To back-transform natural log, loge, you use:

\[e^{\text{mean or CI}}\]

Bonus take home exercises

Use the HATPC framework to answer the following questions

  1. Hypothesis
  2. Assumptions
  3. Test (statistic)
  4. P-value
  5. Conclusion

Exercise 1: Tooth growth

Tooth GRowth is an inbuilt dataset that shows the effect of vitamin c in Guinea pig tooth growth. It has three variables:

  • len = tooth length

  • supp = type of supplement (Orange juice or ascorbic acid)

  • dose = mg/day given to the guinea pigs

head(ToothGrowth)
str(ToothGrowth)

Using the HATPC framework, test whether the type of supplent affects tooth length.

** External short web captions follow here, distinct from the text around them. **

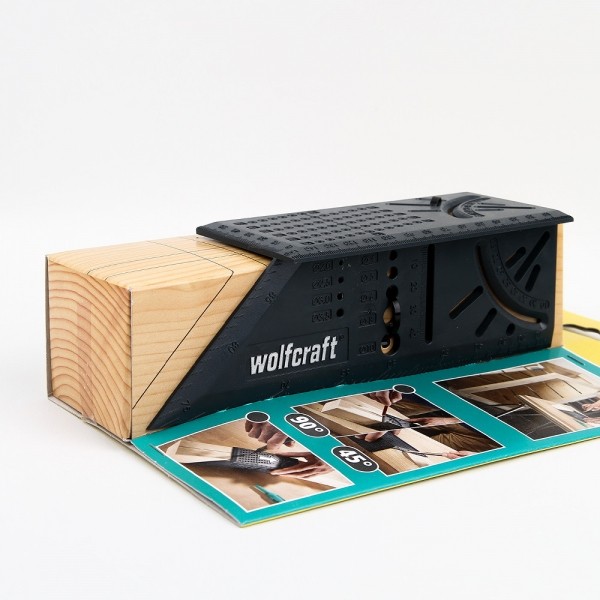 꾸밈닷컴 - 수공구/전동공구/잡화류 ▼ > 수공구▼ > 자/줄자 > 울프크래프트 3D 연귀자 5208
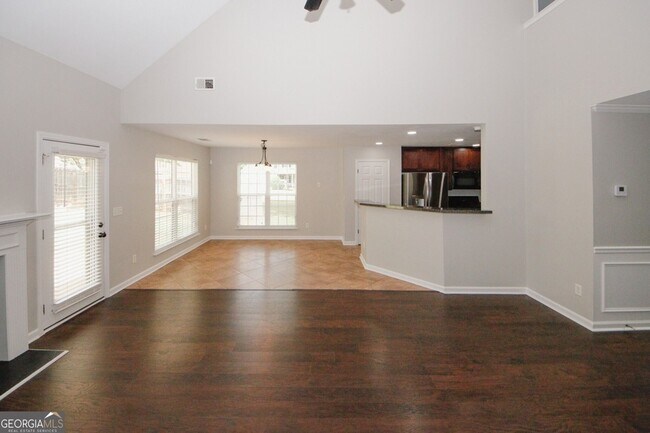 Building Photo - 7000 Lunar Blue Way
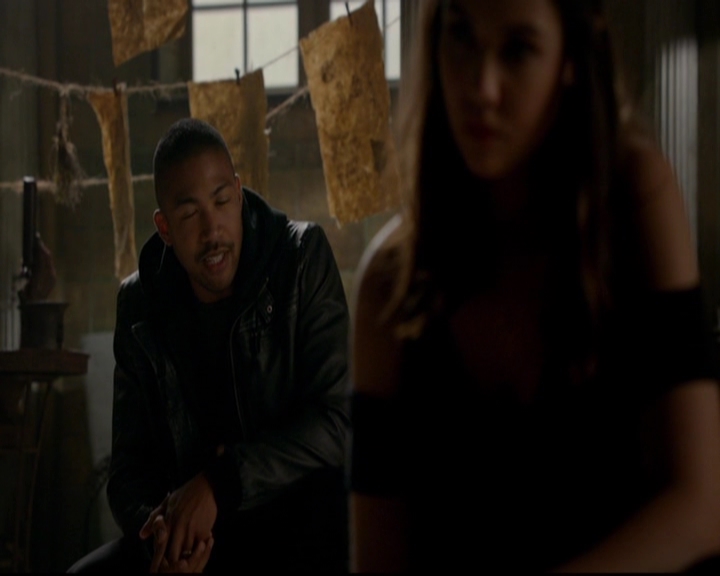 VampireDiariesWorld-dot-nl_TheOriginals_3x13HeartShapedBox0446.jpg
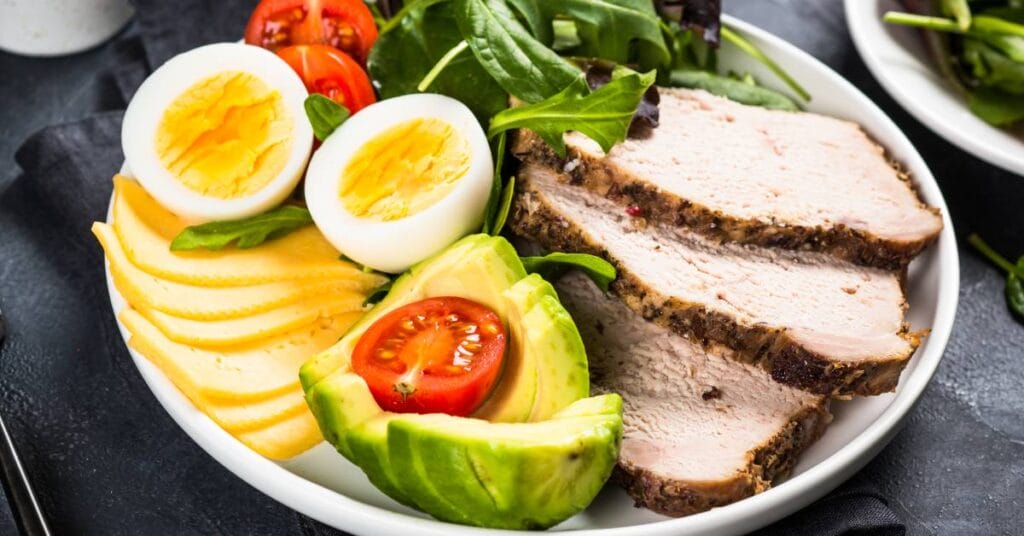 dieta ketogeniczna talerz z jedzeniem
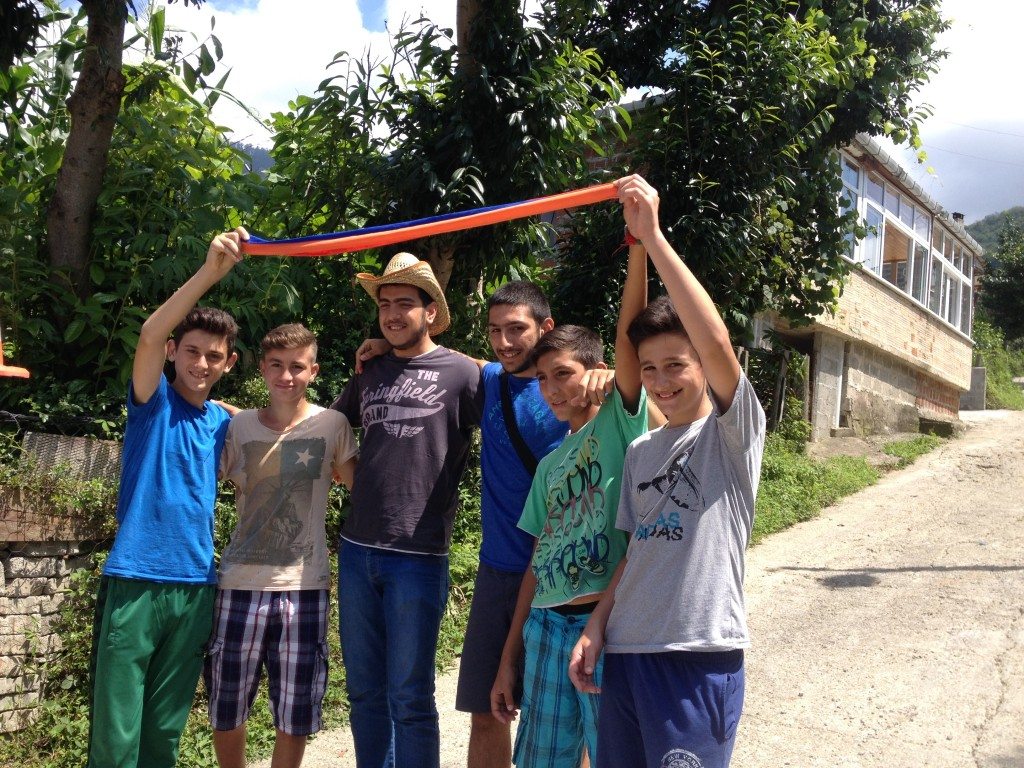 Two of the Beirutsi Ungers with some of the Hamshentsi children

Exercise 2: Adelie penguin bill length

For this exercise, we will be using a subset of the palmer penguins dataset.

library(palmerpenguins)
library(tidyverse)

adelie <-penguins%>%
  filter(species == "Adelie")%>%
  na.omit()%>%
  droplevels()

head(adelie)

Using the HATPC framework, test whether male and female penguins have the same length bill

Exercise 3: Penguin body mass

For this exercise, we will use a subset of the palmer penguins data set again. This time, we will be comparing two different penguin species.

library(palmerpenguins)

penguins2<- penguins%>%
  filter(species != "Adelie")%>%
  na.omit()%>%
  droplevels()

Using the HATPC framework, test whether chinstrap and gentoo penguins have different body masses.